Then $$ L^*=\sum_i p_i\log\frac1{p_i}=H(X). $$

Therefore, for any uniquely decodable code, $$ L\geq H(X). $$

概率大的符号应该给短码,概率小的符号给长码。最理想长度就是 surprise:$\log(1/p_i)$。

10.2 Shannon Code

Def. The Shannon code chooses $$ \ell_i=\left\lceil \log\frac1{p_i}\right\rceil. $$

Since $$ \ell_i<\log\frac1{p_i}+1, $$ we have $$ L=\sum_i p_i\ell_i <\sum_i p_i\left(\log\frac1{p_i}+1\right) =H(X)+1. $$

Theorem:

For Shannon code, $$ H(X)\leq L < H(X)+1. $$

If every $p_i$ is a power of $2$, then $\log(1/p_i)$ is integer and $$ L=H(X). $$

10.3 Block Coding

The $+1$ bit overhead may be large for single symbols.

Idea: group $n$ symbols together: $$ Y=(X_1,\cdots,X_n). $$

Design Shannon code for $Y$.

If $X_i$ are iid, then $$ H(Y)=H(X_1,\cdots,X_n)=nH(X). $$

For the block code, $$ H(Y)\leq L_Y < H(Y)+1. $$

Divide by $n$: $$ H(X)\leq \frac{L_Y}{n}<H(X)+\frac1n. $$

As $n\to\infty$, $$ \frac{L_Y}{n}\to H(X). $$

把很多 symbols 打包一起编码,可以把每个 symbol 平均多出来的 overhead 从 $1$ bit 降到 $1/n$ bit。但代价是 codebook size 指数爆炸。

10.4 Wrong Distribution

Suppose the true test distribution is $q_i$, but the code is designed using training distribution $p_i$.

Shannon code length: $$ \ell_i=\left\lceil \log\frac1{p_i}\right\rceil. $$

Expected length under true distribution $q$: $$ \begin{aligned} L &=\sum_i q_i\ell_i \\ &<\sum_i q_i\log\frac1{p_i}+1 \\ &=H(q)+D(q||p)+1 \\ &=CE(q,p)+1. \end{aligned} $$

Note:

  • $D(q||p)$ is the extra cost of not knowing the true distribution.
  • If $p=q$, then $D(q||p)=0$.

10.5 Value of Side Information

Suppose $(X,Y)$ are correlated, and $Y$ is provided to both encoder and decoder as side information.

For each possible $y$, design a code for $X$ based on $$ p(x|y). $$

For each $y$, $$ H(X|Y=y)\leq L_y < H(X|Y=y)+1. $$

Average over $y$: $$ H(X|Y)\leq L < H(X|Y)+1. $$

Since $$ H(X|Y)\leq H(X), $$ side information can reduce the required number of bits.

如果 decoder 和 encoder 都知道 $Y$,我们可以根据不同的 $Y=y$ 使用不同 codebook。
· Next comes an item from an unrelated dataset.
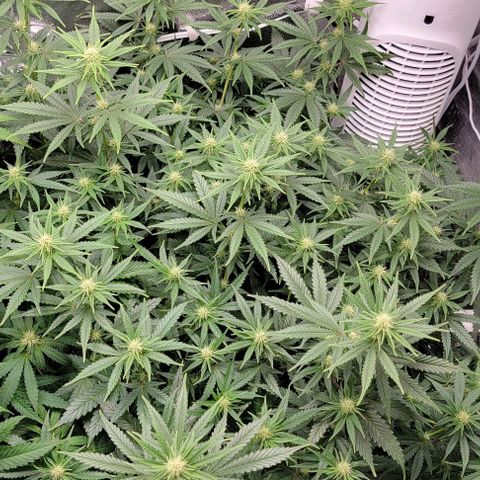 Stardawg growlog timeline photo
相关性越强,$H(X|Y)$ 越小,越省 bits。

Chapter 11: Huffman Code

11.1 Optimal Solution

Recall the codeword length problem: $$ \min \sum_i p_i\ell_i $$ subject to $$ \sum_i 2^{-\ell_i}\leq 1,\qquad \ell_i\in\mathbb Z^+. $$

Shannon code is simple but may be suboptimal because it only rounds $$ \log\frac1{p_i}. $$

The optimal prefix-free code is given by Huffman coding.

Algorithm (Binary Huffman Code):

  1. Sort symbols by probability.
  2. Merge the two least likely symbols.
  3. Replace them by one combined symbol with probability equal to their sum.
  4. Repeat until only one symbol remains.
  5. Assign $0/1$ labels to branches and read codewords from root to leaves.
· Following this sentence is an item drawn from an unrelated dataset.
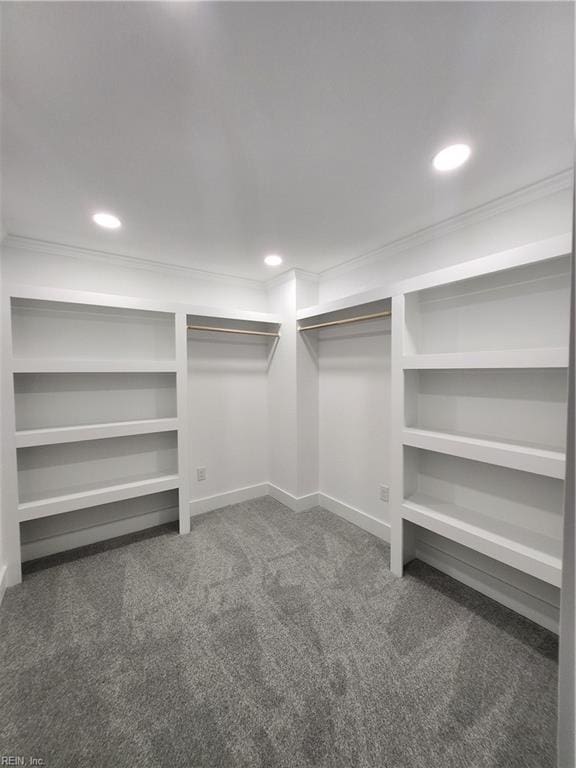 walk in closet with dark colored carpet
Expected length: $$ L=\sum_i p_i\ell_i. $$

11.2 Optimality Lemmas

Lemma 1:

For an optimal prefix-free code, if $$ p_i>p_j, $$ then $$ \ell_i\leq \ell_j. $$

More likely symbols should not have longer codewords.

Lemma 2:

In an optimal binary prefix-free code, the two longest codewords can be chosen to have the same length and share the same parent node.

Lemma 3:

In an optimal binary prefix-free code, the two least likely symbols can be assigned to these two longest sibling codewords.

Theorem (Huffman Optimality):

Merging the two least likely symbols reduces the problem to a smaller optimal coding problem.

If the Huffman tree is optimal for the reduced source, expanding the merged node gives an optimal tree for the original source.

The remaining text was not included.